Tokyo stocks tumbled the most in seven weeks and fell back through the 10,000 level on rising fears of Chinese tightening, but still recorded their best month since March as foreign funds switched into the Japanese market.

The Nikkei 225 Average sank 1.9 per cent to 9,937.04 to lead declines in Asian markets but was the top gainer among the world’s 40 largest equity markets during November, advancing 8 per cent.

Tuesday’s wobble was linked to nervous investor expectations over the imminent release of Chinese manufacturing data, with a strong reading expected to accelerate Beijing’s move to raise interest rates.

The FTSE Asia-Pacific index was flat for the month up until Monday’s close but Tuesday’s 0.8 per cent fall to 247.39 – its lowest level for nearly two months – meant the regional benchmark had its first monthly decline since August as eurozone debt woes plagued global markets.

“Investors are worrying that China could raise interest rates after announcing its purchasing managers’ index [on Wednesday],” Hideyuki Ishiguro, of Okasan Securities, told Reuters. “Japanese exporters with strong Chinese ties have already been overbought so investors simply took the chance to sell them today.”

TDK , an electronics maker that gets more than 30 per cent of its sales from China, dropped 3.6 per cent to Y5,390 while Hitachi Construction Machinery , the world’s biggest maker of giant excavators, which gets more than a quarter of its sales there, sank 3.1 per cent to Y1,908.

Komatsu , Japan’s largest construction machinery maker, which gets about 20 per cent of its sales in China, retreated 2.4 per cent to Y2,318.

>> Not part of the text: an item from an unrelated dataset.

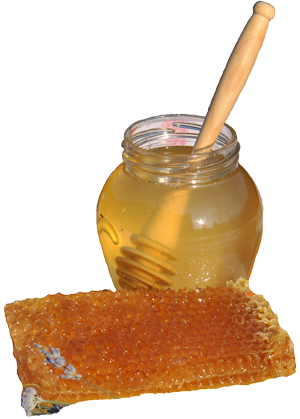 Composición de la miel - Le Rucher de l'Ours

A bad session for Tokyo’s steelmakers saw declines on the back of downgrades. Nippon Steel tumbled 4.5 per cent to Y277, the most in more than a year, while JFE Holdings lost 2.6 per cent to Y2,661 after both companies had their ratings cut by Mizuho Securities, which said earnings would miss forecasts. Sumitomo Metal Industries , which was also downgraded, slid 3.3 per cent to Y203.

Also hit by a ratings cut, this time from Credit Suisse, was Mitsubishi UFJ Financial , the country’s largest bank by market value, which sank 2.2 per cent to Y396.

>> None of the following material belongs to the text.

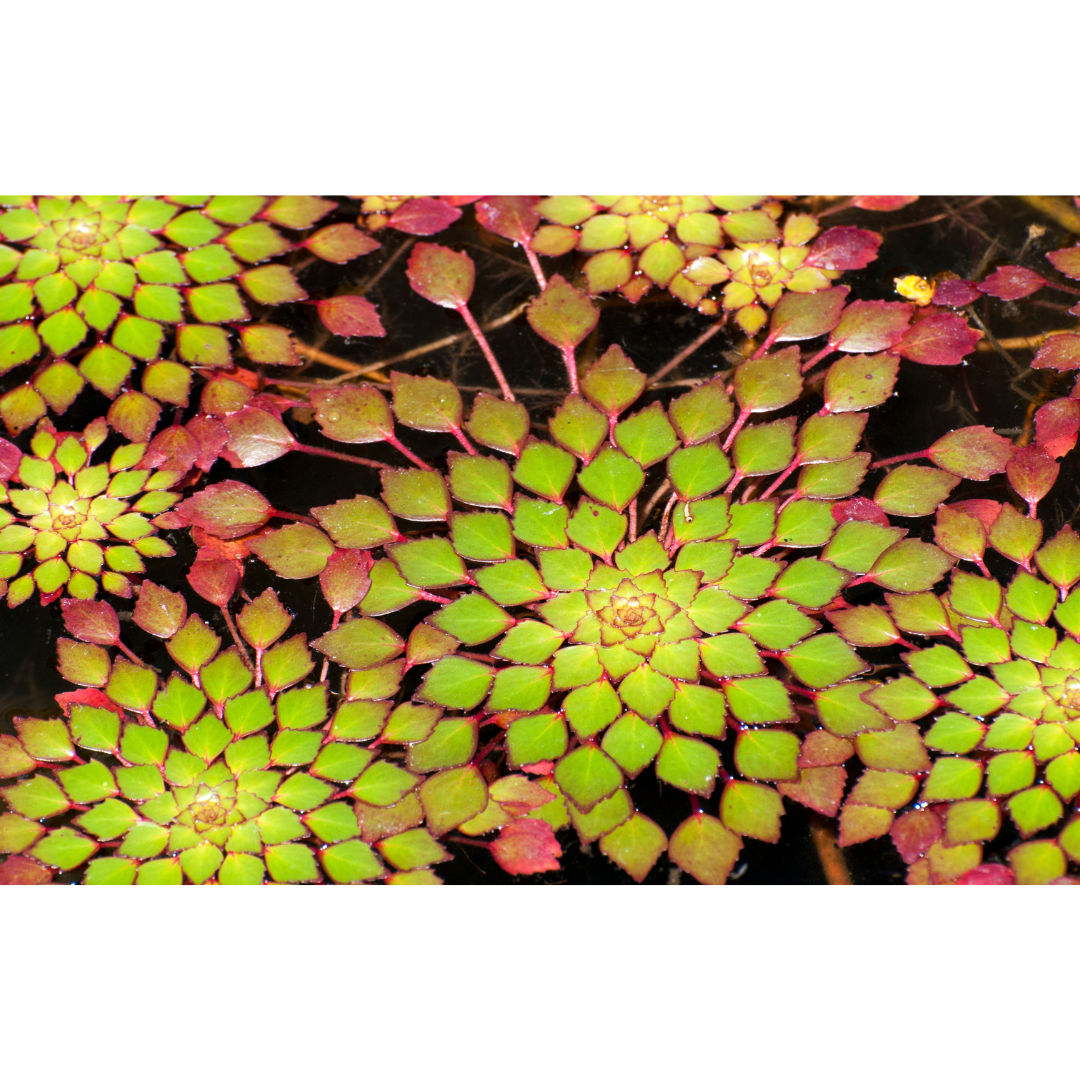 Ludwigia sediodes has a unique mosaic leaf pattern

But some support for the market came from upbeat comments by Nintendo , the world’s biggest maker of portable video game machines, on its Thanksgiving weekend sales in the US of the Wii game console. Its shares jumped 3.4 per cent to Y22,730, the most in more than three months.

Analysts said November’s boost for the Nikkei could have further to go. “Short covering by hedge funds appears to be continuing, though it has lost momentum,” said Kenichi Hirano, of Tachibana Securities. “[But] moves like this by overseas hedge funds will likely continue into the new year as they try to bring Japanese stocks back to neutral in their portfolio after having overly shorted them up to now.”

Indian stocks outperformed for a second day as the country’s second-quarter growth figures surprised on the upside. The BSE Sensex index rose 0.6 per cent to 19,521.25 after erasing falls of 1 per cent prior to the data release. But it still slipped 2.6 per cent over the month.

The Shanghai Composite had the worst November of Asia’s leading equity markets, falling 5.3 per cent to 2,820.18 as tightening fears sapped sentiment. But Hong Kong’s Hang Seng index fell just 0.4 per cent over the month to 23,007.99.